Everyday its like the wild, wild west
Bunch of bad boys from the vista outlawed
The softest of beat, the killa get away
He leave Vegas in the end of the day in a fast car
Driving a fast car, Are you ready to ride!?1
- - Wycelf Jean, 2008
Among other things, Studies in Red and White2 presents us with some fairly straightforward ideas. One of the most pronounced is the fact that certain elements within very genre specific works (i.e. Westerns) can allude to things outside of that genre. The town-tamer Western provided a field on which metropolitan issues (crime and punishment, division and solidarity, conformity and individualism) could be heroically projected.3
Gunfighter Nation is the close of a trilogy of books that was intended to examine the way American culture has been influenced and formed by it's own myths and experiences. It seems apt to note that, on top of his academic writing, Slotkin has also published three historical novels, about Nomads, Cavalry and the Old West.
This particular work was published in 1991, 46 years after Animal Farm4 and 37 years after Lord of the Flies5. As a reader who thought I was going to be engaging with an academic text, I felt slightly belittled by the way in which Slotkin outlined all of the possible ways in which allegory could exist within works of fiction, presenting it like some sort of new discovery.
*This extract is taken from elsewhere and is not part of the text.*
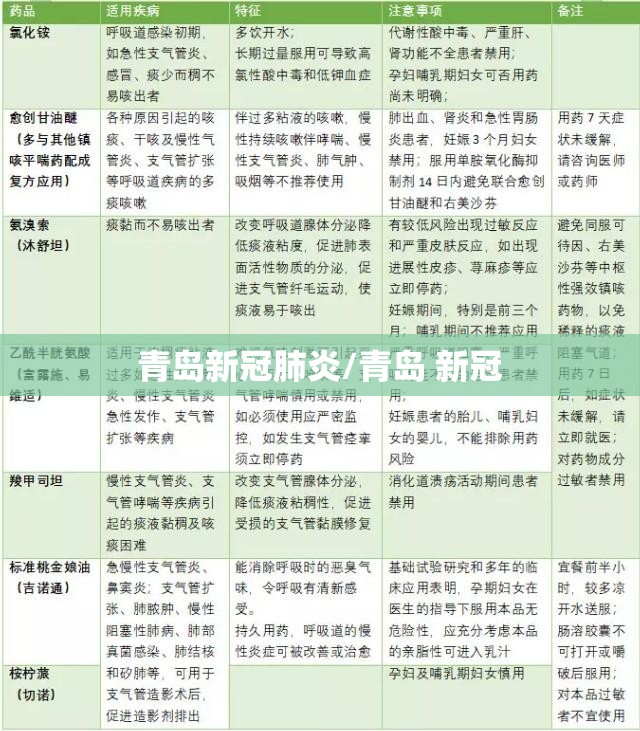 青岛新冠肺炎/青岛 新冠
I'm aware of the fact that both of the works of fiction I mentioned are of British descent; and that Slotkin is attempting to outline a particularly American condition. I'm just not so sure that American allegory, besides from it's heroic overtones, is different from any other nation's allegory.
Slotkins' use of dates and statistics seems to stage cause and effect relationships, between the popularity of the Western, and various historical moments; Posing the Western as an almost too perfect vehicle for intent. A perfect, stream lined medium (in the modernist Greenbergian sense6).This article comes across like a fan trying to justify his obsessions: or maybe give them some critical weight.
Might be time to take another horse for a ride.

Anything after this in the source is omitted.